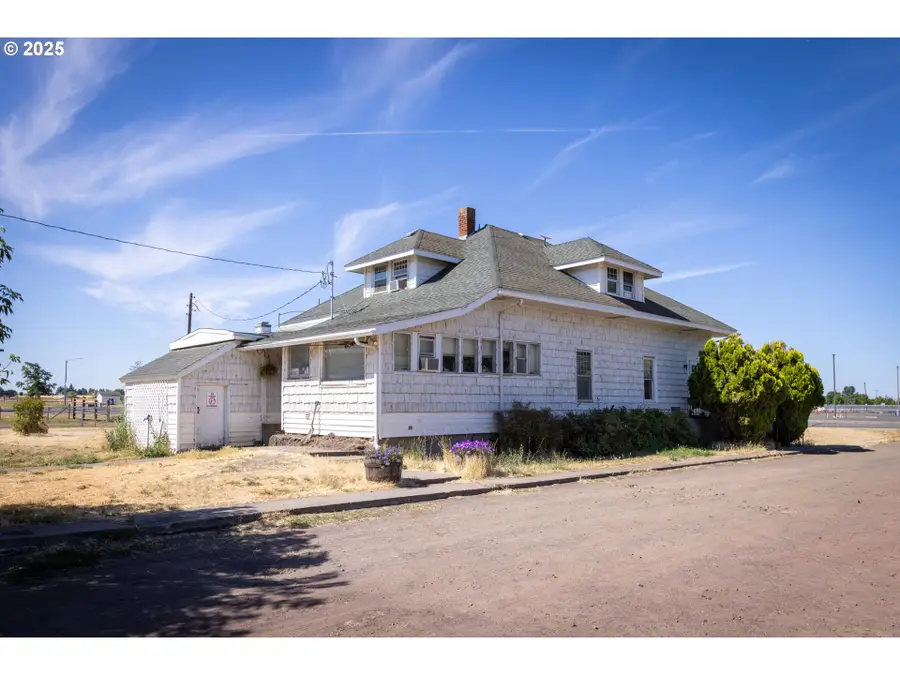 1102 S Roosevelt St, Goldendale, WA 98620 - Image #2
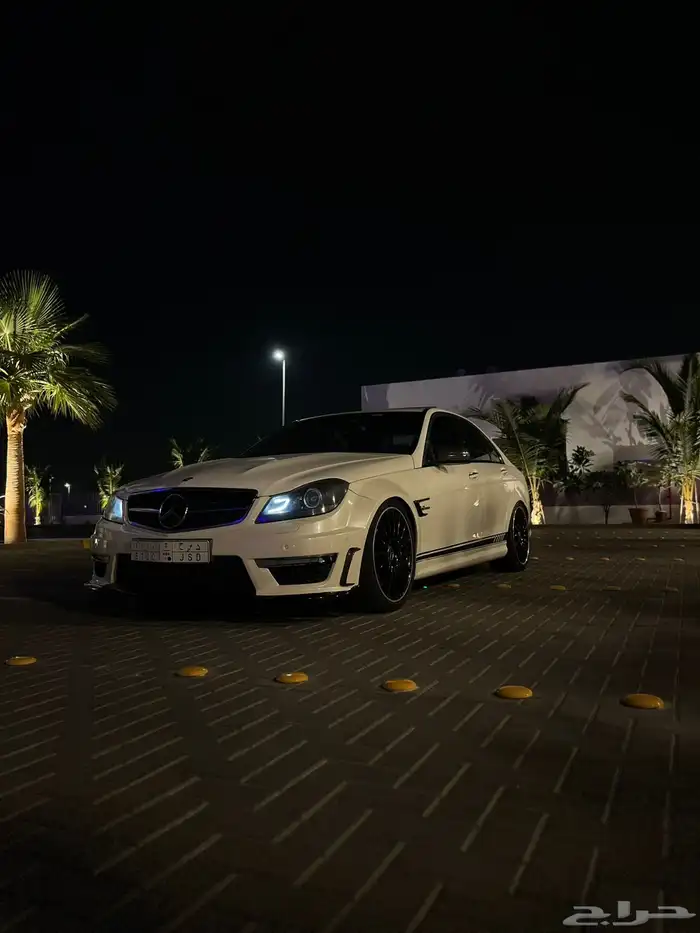 مرسيدس C63 Performance Package 2012 13
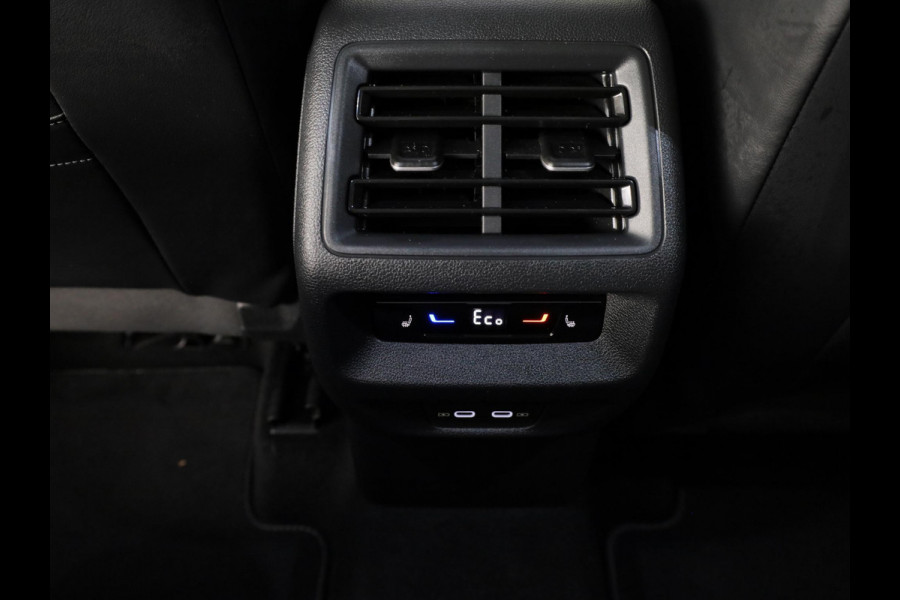 Volkswagen Tiguan 1.5 eHybrid R-Line Edition 272 pk Automaat (DSG) | SOH 98% | Verlengde garantie | Navigatie | Panoramadak | Trekhaak (wegklapbaar) | Parkeersensoren (Park assist) | Rondomzicht camera | Stoeleverwarming v/a/ | R-Line |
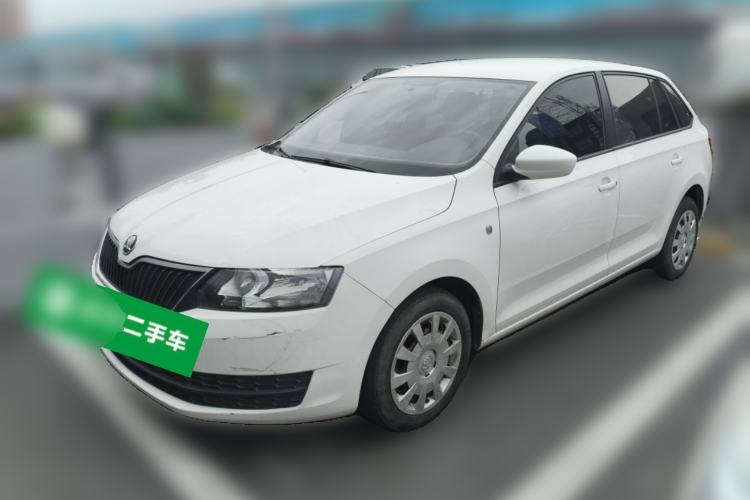 Used Skoda Rapid Spaceback 2014 1.6L Automatic Enjoyment Edition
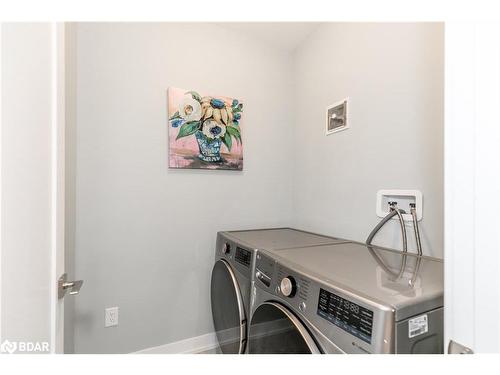 7-218 Crosswinds Boulevard, The Blue Mountains, ON - Indoor Photo Showing Laundry Room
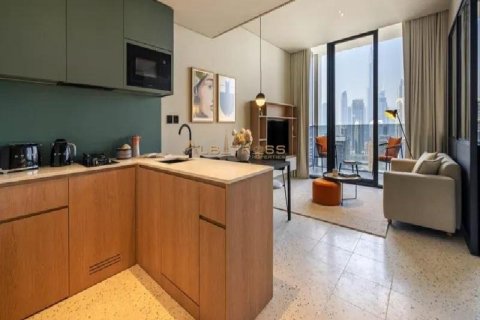 1 bedroom Apartment in Business Bay, UAE No. 7470 8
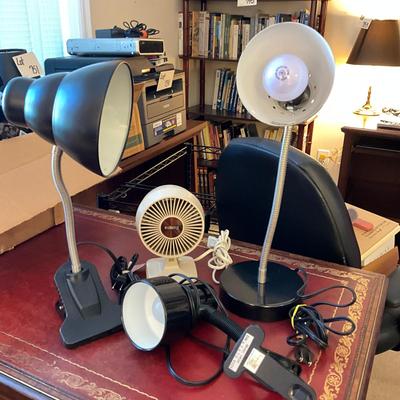 760 Mini Clip-On Desk Lamps With Fan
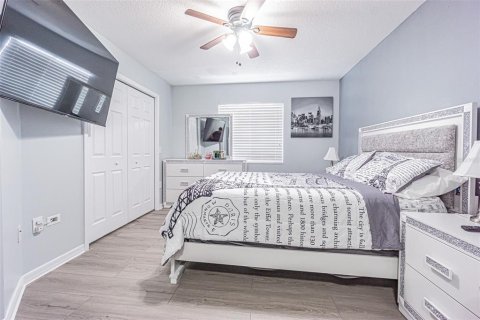 Touwnhouse à vendre à Tampa, Floride: 2 chambres, 108.97 m2 № 2378254 - photo 20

········

§ WHAT IS NEEDED:
Pictures aside, every entry above must be repeated exactly.

§ PROBLEM SOLUTION:
 1102 S Roosevelt St, Goldendale, WA 98620 - Image #2
 مرسيدس C63 Performance Package 2012 13
 Volkswagen Tiguan 1.5 eHybrid R-Line Edition 272 pk Automaat (DSG) | SOH 98% | Verlengde garantie | Navigatie | Panoramadak | Trekhaak (wegklapbaar) | Parkeersensoren (Park assist) | Rondomzicht camera | Stoeleverwarming v/a/ | R-Line |
 Used Skoda Rapid Spaceback 2014 1.6L Automatic Enjoyment Edition
 7-218 Crosswinds Boulevard, The Blue Mountains, ON - Indoor Photo Showing Laundry Room
 1 bedroom Apartment in Business Bay, UAE No. 7470 8
 760 Mini Clip-On Desk Lamps With Fan
 Touwnhouse à vendre à Tampa, Floride: 2 chambres, 108.97 m2 № 2378254 - photo 20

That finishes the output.